PBS_SERVER the hostname of the pbs_server which qsub submits the job to.
PBS_O_QUEUE the name of the original queue to which the job was submitted.
PBS_O_WORKDIR the absolute path of the current working directory of the qsub command.
PBS_ARRAYID each member of a job array is assigned a unique identifier (see -t)
PBS_ENVIRONMENT if set to PBS_BATCH is a batch job, if set to PBS_INTERACTIVE is an interactive job.
PBS_JOBID the job identifier assigned to the job by the batch system.
PBS_JOBNAME the job name supplied by the user.
PBS_NODEFILE the name of the file contain the list of nodes assigned to the job (for parallel and cluster systems).
PBS_QUEUE the name of the queue from which the job is executed.

Montioring jobs

To monitor the status of a queued or running job, use the qstat command from Torque of showq from Moab.

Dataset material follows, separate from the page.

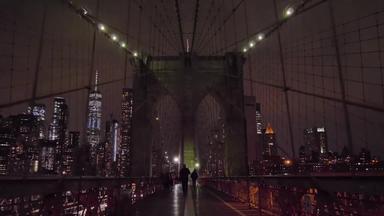 布鲁克林桥曼哈顿天际线晚上纽约城市<strong>替身</strong>拍摄相机倾斜曼联州美国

Useful qstat options include:

qstat option Description
-Q show all queues available
-u user_list Displays jobs for users listed in user_list
-a Displays all jobs
-r Displays running jobs
-f Displays the full listing of jobs (returns excessive detail)
-n Displays nodes allocated to jobs

Moab showq offers:

showq option Description
-b blocked jobs only
-c details about recently completed jobs.
-g grid job and system id’s for all jobs.
-i extended details about idle jobs.
-l local/remote view. For use in a Grid environment, displays job usage of both local and remote compute resources.
-n normal showq output, but lists job names under JOBID
-o jobs in the active queue in the order specified (uses format showq -o ). Valid options include REMAINING, REVERSEREMAINING, JOB, USER, STATE, and STARTTIME. The default is REMAINING.
-p only jobs assigned to the specified partition.
-r extended details about active (running) jobs.
-R only jobs which overlap the specified reservation.
-u specified user’s jobs. Use showq -u -v to display the full username if it is truncated in normal -u output.
-v local and full resource manager job IDs as well as partitions.
-w only jobs associated with the specified constraint. Valid constraints include user, group, acct, class, and qos.

Deleting jobs

With Torque you can use qdel. Moab uses mjobctl -c. For example:

qdel 1045
mjobctl -c 1045

Key Points

  • It is a good idea to keep aliases to common torque commands for easy execution.